Hi,
I'm experiencing crashes in a DFB application (running on an ARM Linux
2.6 machine, with fbdev) when the OS suspends and then resumes. Do
you have any idea what could be causing this and how to fix it? As
you'll see, we couldn't get very far debugging it...
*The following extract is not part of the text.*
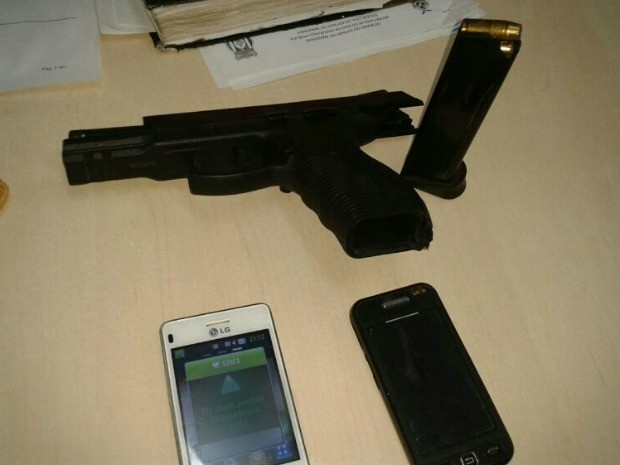 Arma do policial foi encontrada enterrada em no quintal de uma casa (Foto: Divulgação/Polícia Militar) Arma do policial foi encontrada enterrada em no quintal de uma casa (Foto: Divulgação/Polícia Militar)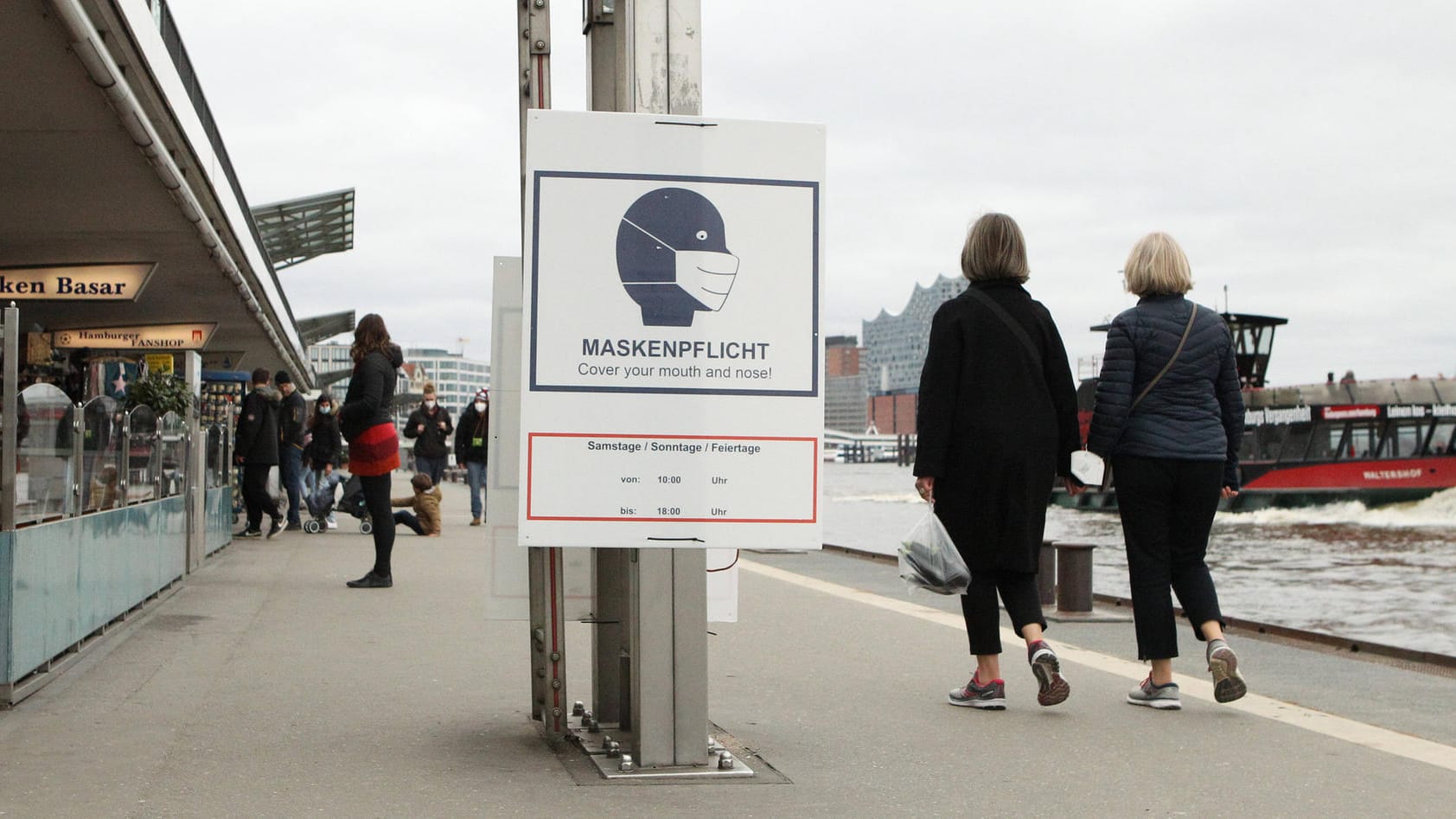 Der Hafen in Hamburg: Die Hansestadt hat eine Sieben-Tage-Inzidenz von unter 100.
What happens: after suspending the machine
("echo mem >/sys/power/state") and then resuming it, the DFB
application is gone, with the following log messages (this was
without debug mode enabled):
(!) [ 1076: 19.429] --> Caught signal 4 (at 0xbe826a2c, illegal
trap) <--
(!) FUSION_PROPERTY_LEASE --> Connection timed out
(!) [ 1076: 19.521] --> Caught signal 11 (at (nil), invalid address)
<--
Killed
We initially suspected it has something to do with the clock being
bumped at wake-up and fusion module interpreting this as a time-out
and causing fusion_property_lease() to fail. I still think this could
be a problem, seeing that there's no suspend/resume related code in
linux-fusion, but it's more complicated than that, unfortunately:
Notice the SIGILL (=4) signal above. This happens *before* the system
is suspended, unfortunately without any useful backtrace:
(gdb) c
Continuing. Breakpoint 2 at 0x4067f150:
file /home/zeitlin/src/rea/src/DirectFB/src/core/core.c, line 633.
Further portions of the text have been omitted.